- **SUPPLIED INFORMATION**
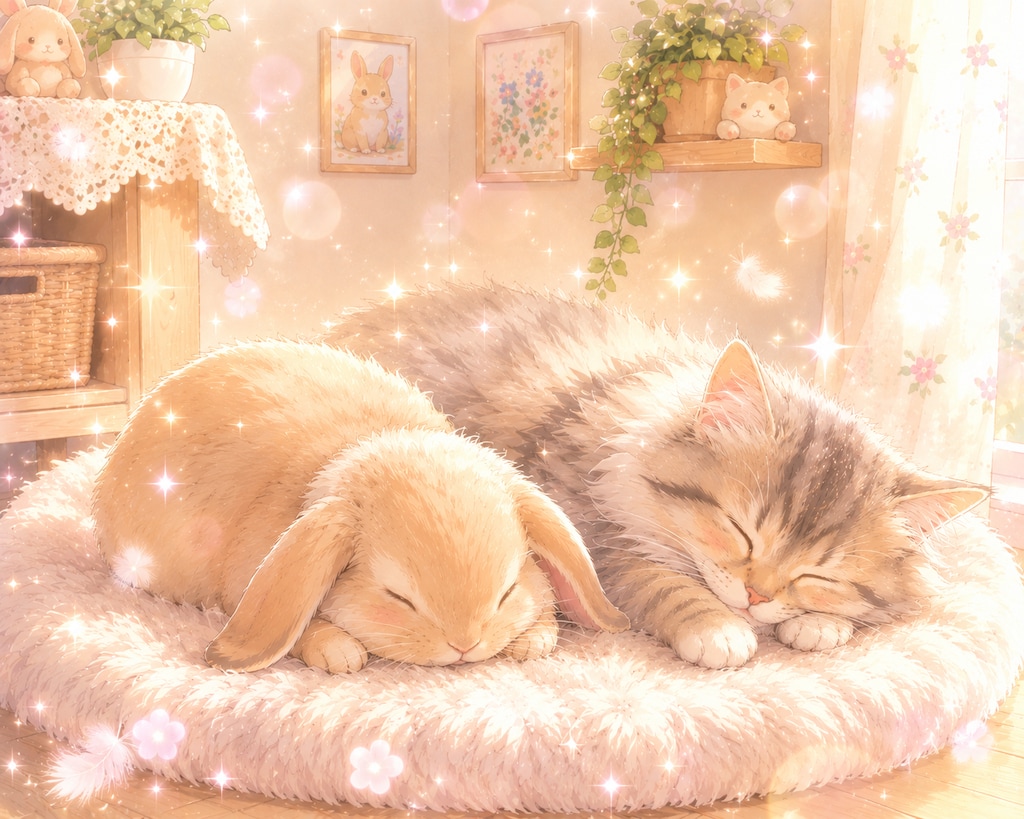 仲良くおやすみなさい✨️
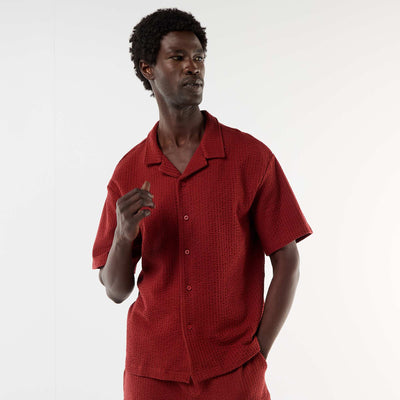 Waffle Knit Short-Sleeve Shirt RED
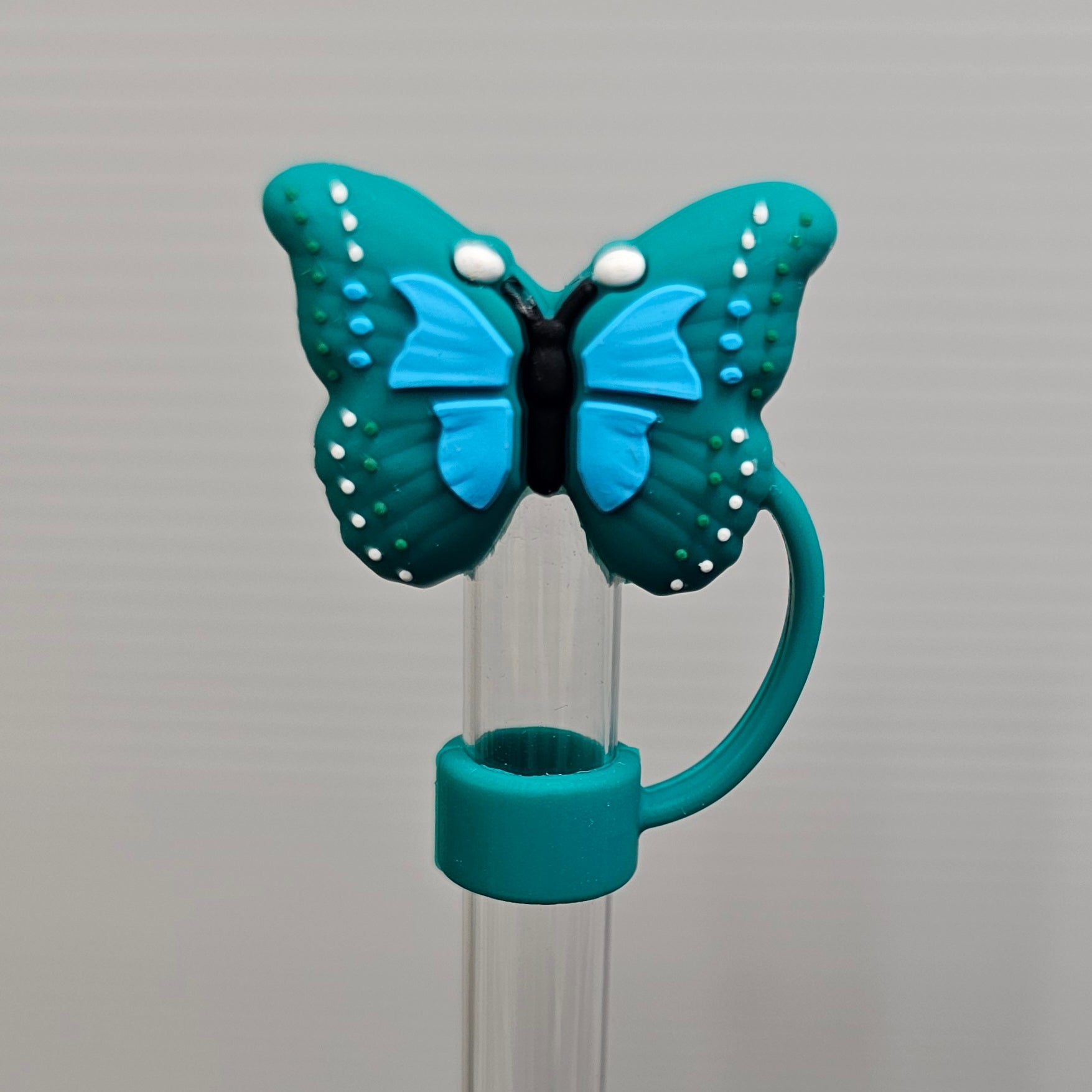 Green and Blue Butterfly 3D Silicone Straw Topper  - Straw Cover  - Straw Cap. Fits 10mm and Stanley Straws. 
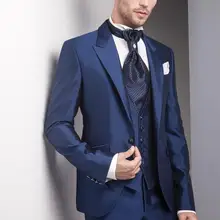Высокое качество, последний стиль, остроконечные лацканы Terno Masculino, официальные, на заказ, на одной пуговице, тонкие, модные мужские костюмы темно-синий, 4 шт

- **YOUR TASK**
Inclusive range, exact copy: the line containing "Green and Blue" through the last line of the listing. Print nothing else, and no pictures.

- **REPLY**
 Green and Blue Butterfly 3D Silicone Straw Topper  - Straw Cover  - Straw Cap. Fits 10mm and Stanley Straws. 
Высокое качество, последний стиль, остроконечные лацканы Terno Masculino, официальные, на заказ, на одной пуговице, тонкие, модные мужские костюмы темно-синий, 4 шт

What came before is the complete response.